Given records.
%%
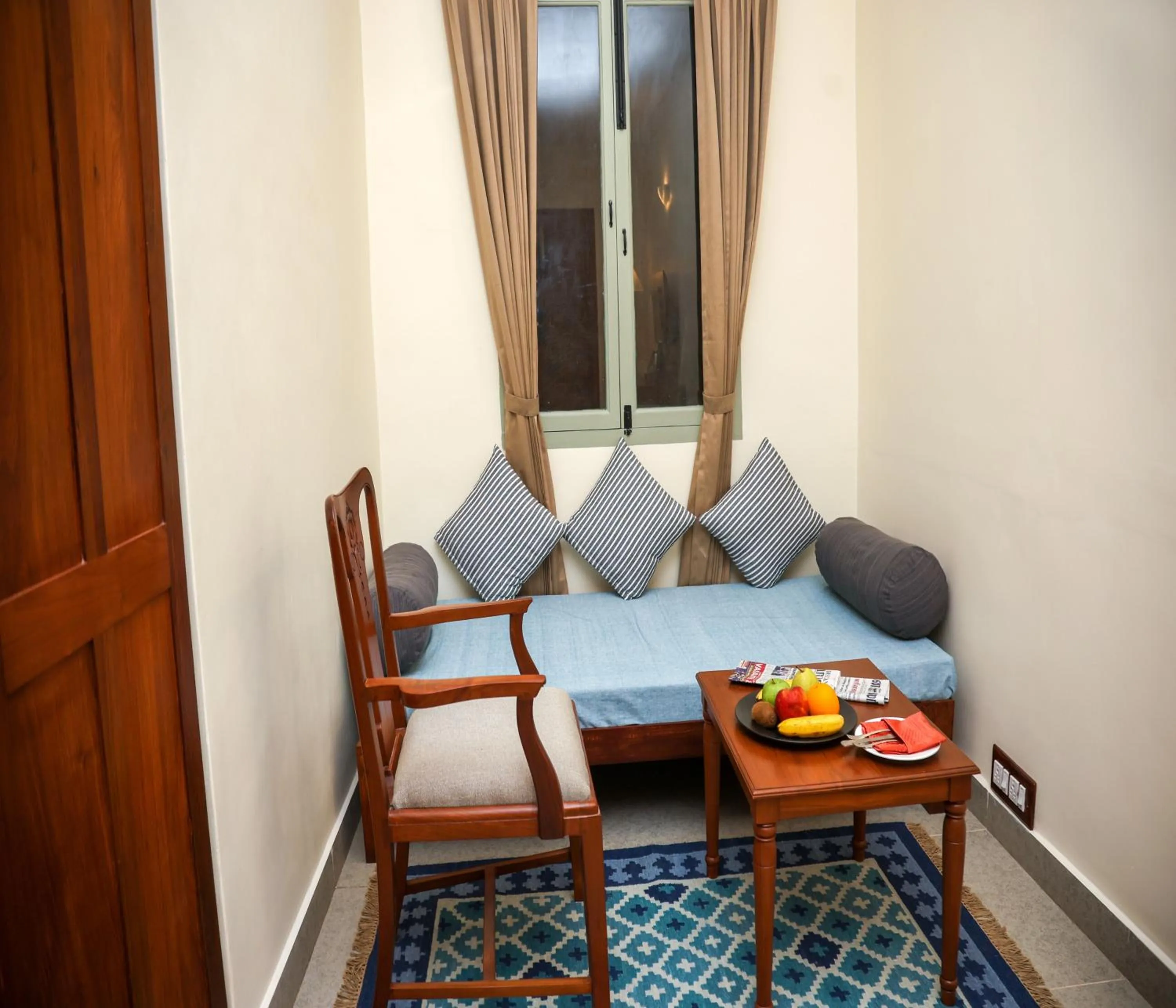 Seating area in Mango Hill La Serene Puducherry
%%
%%
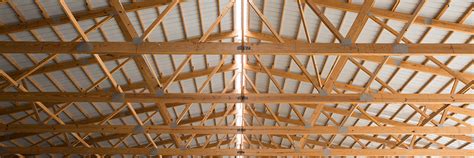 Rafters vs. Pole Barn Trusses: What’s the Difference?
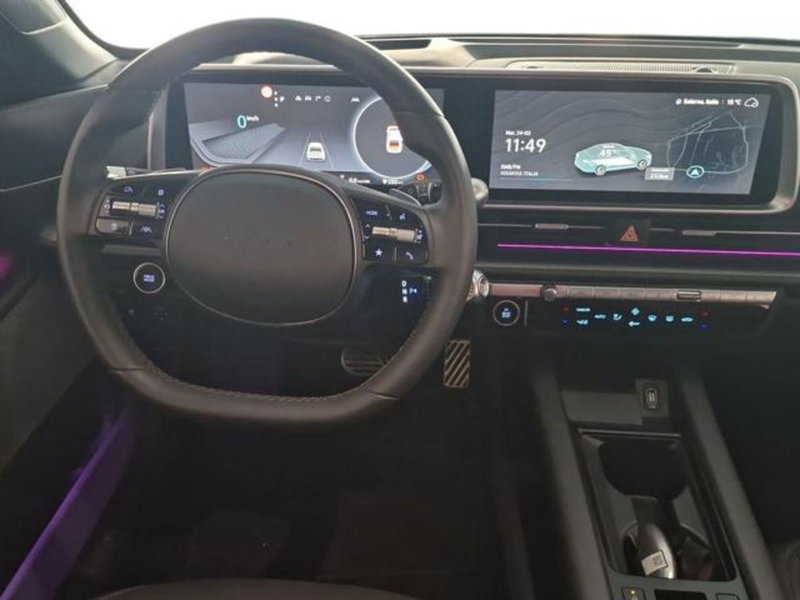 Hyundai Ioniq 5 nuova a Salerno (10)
%%
%%
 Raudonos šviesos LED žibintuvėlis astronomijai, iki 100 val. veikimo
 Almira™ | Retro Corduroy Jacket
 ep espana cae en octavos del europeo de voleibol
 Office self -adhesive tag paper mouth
%%
Assignment. Skipping every picture, transcribe exactly the lines above from the one containing "Rafters vs. Pole" through the one containing "Hyundai Ioniq 5 nuova a Salerno (10)", both included.

Written reply.
 Rafters vs. Pole Barn Trusses: What’s the Difference?
 Hyundai Ioniq 5 nuova a Salerno (10)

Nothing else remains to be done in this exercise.